More broadly, SNP-heritability appears to be consistently shared across regions and chromosomes between these two disorders. Regions with GWS loci often explain higher proportions of heritability as expected. When looking at the effect on heritability of the presence of a GWS locus in the other disorder, we identified a significant increase in BD heritability for regions containing a GWS locus for SCZ but no significant increase in SCZ heritability in regions having a BD one. This result suggests a directionality to the genetic sharing of these disorders with a larger proportion of BD loci being specific to BD. However, we cannot exclude that the asymmetry of results may reflect less power of discovery for BD than SCZ. The degree to which power and subphenotypes contribute to this result requires further examination.
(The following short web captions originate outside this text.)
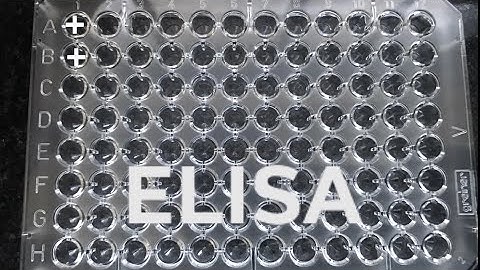 ELISA | How to do ELISA | step by step procedure for ELISA
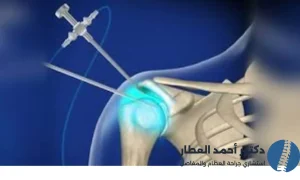 تكلفة عملية منظار الكتف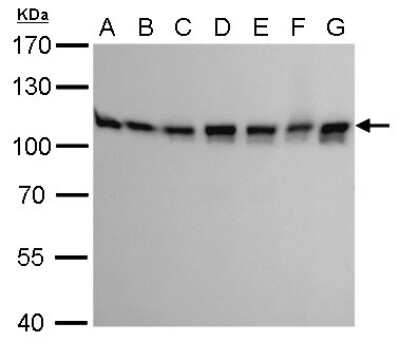 Western Blot: CSE1L/CAS/Exportin-2 Antibody (5111) [NBP2-43609]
We have now identified multiple genomic signatures that correlate between one disorder and a clinical symptom in the other disorder, demonstrating that there are genetic components underlying particular symptom dimensions within these disorders. As previously shown, we find a significant positive correlation between PRS of BD and manic symptoms in SCZ. We also demonstrate that BD cases with psychotic features carry a significantly higher SCZ PRS than BD cases without psychotic features and this result is not driven by schizoaffective BD subtype. Further, we show evidence that increased PRS is associated with more severe illness. This is true for BD with psychotic features having increased SCZ PRS, earlier onset BD having higher SCZ PRS and cases with higher BD+SCZ PRS having a larger number of hospitalizations. We demonstrated that psychotic features within BD is an independently heritable trait and that GWS loci for SCZ have a consistent direction of effect in psychotic features in BD, demonstrating the potential to study psychosis more directly to identify variants contributing to that symptom dimension. All in all, this work illustrates the utility of genetic data to dissect symptom heterogeneity among correlated disorders and suggests that further work could potentially aid in defining subgroups of patients for more personalized treatment.